Re: [PATCH 03/15] dma-buf & drm/amdgpu: remove dma_resv workaround

Zack Rusin <zackr@xxxxxxxxxx> · Wed, 20 Apr 2022 19:28:51 +0000

On Wed, 2022-04-20 at 20:56 +0200, Christian König wrote:
> ⚠ External Email
> 
> Am 20.04.22 um 20:49 schrieb Christian König:
> > Am 20.04.22 um 20:41 schrieb Zack Rusin:
> > > On Wed, 2022-04-20 at 19:40 +0200, Christian König wrote:
> > > > Am 20.04.22 um 19:38 schrieb Zack Rusin:
> > > > > On Wed, 2022-04-20 at 09:37 +0200, Christian König wrote:
> > > > > > ⚠ External Email
> > > > > > 
> > > > > > Hi Zack,
> > > > > > 
> > > > > > Am 20.04.22 um 05:56 schrieb Zack Rusin:
> > > > > > > On Thu, 2022-04-07 at 10:59 +0200, Christian König wrote:
> > > > > > > > Rework the internals of the dma_resv object to allow
> > > > > > > > adding
> > > > > > > > more
> > > > > > > > than
> > > > > > > > one
> > > > > > > > write fence and remember for each fence what purpose it
> > > > > > > > had.
> > > > > > > > 
> > > > > > > > This allows removing the workaround from amdgpu which
> > > > > > > > used a
> > > > > > > > container
> > > > > > > > for
> > > > > > > > this instead.
> > > > > > > > 
> > > > > > > > Signed-off-by: Christian König
> > > > > > > > <christian.koenig@xxxxxxx>
> > > > > > > > Reviewed-by: Daniel Vetter <daniel.vetter@xxxxxxxx>
> > > > > > > > Cc: amd-gfx@xxxxxxxxxxxxxxxxxxxxx
> > > > > > > afaict this change broke vmwgfx which now kernel oops
> > > > > > > right
> > > > > > > after
> > > > > > > boot.
> > > > > > > I haven't had the time to look into it yet, so I'm not
> > > > > > > sure
> > > > > > > what's
> > > > > > > the
> > > > > > > problem.
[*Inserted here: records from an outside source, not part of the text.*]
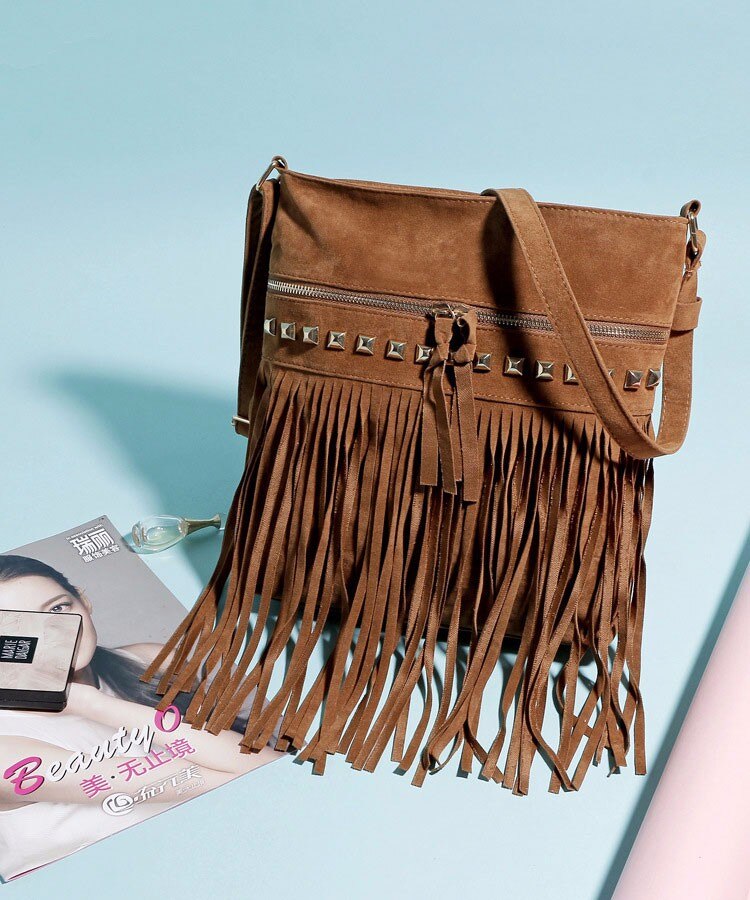 Women's Handbag in Boho Style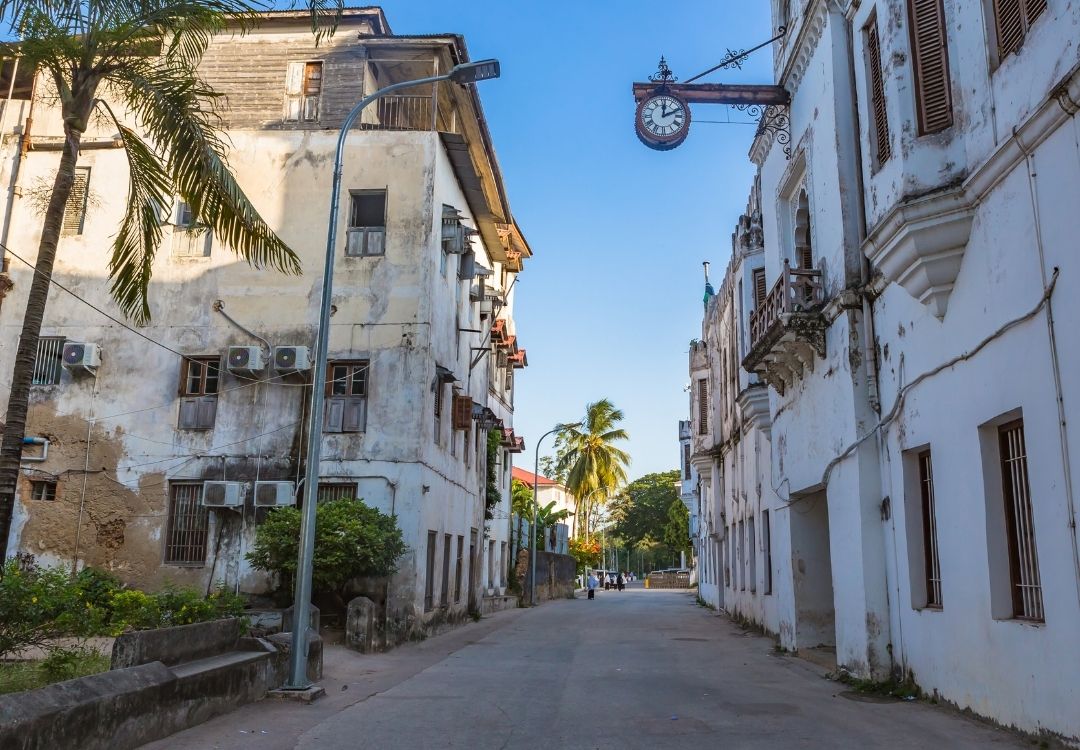 zanzibar steet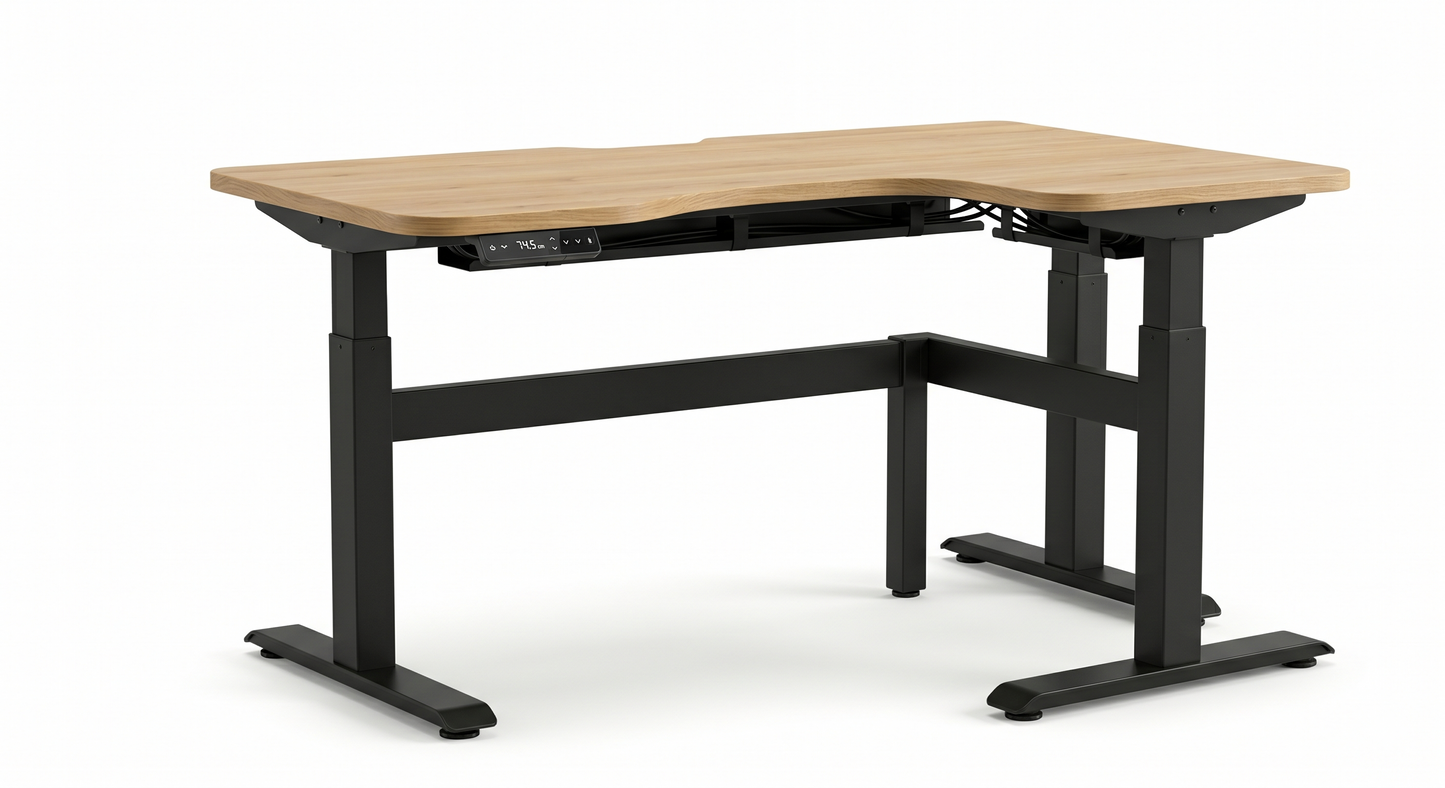 Elevora Ergonomic L-Shaped Standing Desk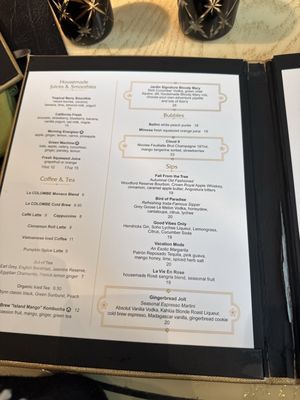 Menu photo 7 Jardin Las Vegas, NV Menu photo 7 Jardin Las Vegas, NV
I'll look at this tomorrow, but just in case you
> > > > > > > have
> > > > > > > some
> > > > > > > clues, the backtrace follows:
> > > > > > that's a known issue and should already be fixed with:
> > > > > > 
> > > > > > commit d72dcbe9fce505228dae43bef9da8f2b707d1b3d
> > > > > > Author: Christian König <christian.koenig@xxxxxxx>
> > > > > > Date:   Mon Apr 11 15:21:59 2022 +0200
> > > > > Unfortunately that doesn't seem to be it. The backtrace is
> > > > > from the
> > > > > current (as of the time of sending of this email) drm-misc-
> > > > > next,
> > > > > which
> > > > > has this change, so it's something else.
> > > > Ok, that's strange. In this case I need to investigate further.
> > > > 
> > > > Maybe VMWGFX is adding more than one fence and we actually need
> > > > to
> > > > reserve multiple slots.
> > > This might be helper code issue with CONFIG_DEBUG_MUTEXES set. On
> > > that config
> > > dma_resv_reset_max_fences does:
> > >     fences->max_fences = fences->num_fences;
> > > For some objects num_fences is 0 and so after max_fences and
> > > num_fences are both 0.
> > > And then BUG_ON(num_fences >= max_fences) is triggered.
> > 
> > Yeah, but that's expected behavior.
> > 
> > What's not expected is that max_fences is still 0 (or equal to old
> > num_fences) when VMWGFX tries to add a new fence. The function
> > ttm_eu_reserve_buffers() should have reserved at least one fence
> > slot.
> > 
> > So the underlying problem is that either ttm_eu_reserve_buffers()
> > was
> > never called or VMWGFX tried to add more than one fence.
> 
> 
> To figure out what it is could you try the following code fragment:
> 
> diff --git a/drivers/gpu/drm/vmwgfx/vmwgfx_validation.c
> b/drivers/gpu/drm/vmwgfx/vmwgfx_validation.c
> index f46891012be3..a36f89d3f36d 100644
> --- a/drivers/gpu/drm/vmwgfx/vmwgfx_validation.c
> +++ b/drivers/gpu/drm/vmwgfx/vmwgfx_validation.c
> @@ -288,7 +288,7 @@ int vmw_validation_add_bo(struct
> vmw_validation_context *ctx,
>                  val_buf->bo = ttm_bo_get_unless_zero(&vbo->base);
>                  if (!val_buf->bo)
>                          return -ESRCH;
> -               val_buf->num_shared = 0;
> +               val_buf->num_shared = 16;
>                  list_add_tail(&val_buf->head, &ctx->bo_list);
>                  bo_node->as_mob = as_mob;
>                  bo_node->cpu_blit = cpu_blit;

Fails the same BUG_ON with num_fences and max_fences == 0.

z